I remember stumbling upon a quote once that said if you are a fashion person then you can’t be an interior design person. Well, I certainly prove whoever said that right. I’m pretty much immersed in fashion all day long. I work with clothes at my full time job, come home and write about them for my fashion blog and do the same for freelance work that I pick up on the side. Just from osmosis alone I’d like to think that I do a pretty good job dressing myself. If only I could take an issue of Elle Decor and do the same for my (lack of) interior design prowess.
I believe the term “hot mess” would be the most accurate way to describe my decorating style. See, it isn’t that I don’t have good taste, it’s just that I like the most exorbitantly expensive things. The items I covet are far beyond my reach. A $10,000 antique Caldwell chandelier? I want it bad. That sensible three-piece sofa set from the big box store? I’d rather sit on my 1929 hardwood floors than bring such atrocities into my home. To borrow a phrase from my dad, I’ve got champagne tastes on a beer budget.

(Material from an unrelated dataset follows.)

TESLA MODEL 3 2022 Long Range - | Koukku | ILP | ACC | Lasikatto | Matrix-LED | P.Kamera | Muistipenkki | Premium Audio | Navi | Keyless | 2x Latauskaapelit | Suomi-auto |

We’ve got a living room full of mismatched furniture that we purchased in a vacuum. There’s a sofa purchased on eBay that was in perfect condition until our cats turned it into their playground, a futon bought out of necessity for a previous apartment, an 1880’s rocking chair Craigslist score, and a custom made armoire that was given to us when we purchased our home a year and a half ago. See, I told you it’s a hot mess. There’s no rhyme, no reason, and certainly no style in sight. I wistfully daydream of a reality show makeover to solve my conundrum.

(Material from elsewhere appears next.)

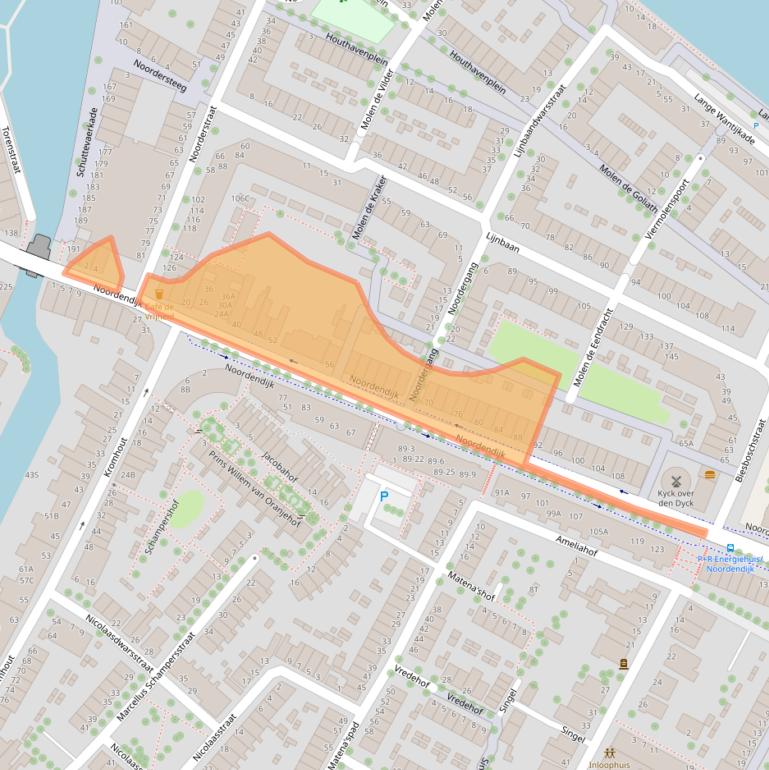 Kaart van postcodegebied 3311RP.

To help me get to the road of recovery, Ashley Hawthorne, an interior designer, armed me with a a few quick easy tips.
- Do not be afraid to mix different metals such as pewter, nickel, and even something funky like antique brass. Rules are made to be broken!
- Be careful of undersized lamps and rugs. Go bigger than you think you need.
- Bring some new life to your space with some live plants. Fake plants are a serious no-no.
- Use color. Do not be afraid of making your room look small by painting your room something intense like charcoal grey or kelly green.
So will we discover the perfect rug to compliment the stained glass windows? Will we figure out a place to put the bikes other than smack dab in the middle of the room? Is there any hope to redeem the error or our former ways? Only time and a weekend with a few gallons of paint will tell.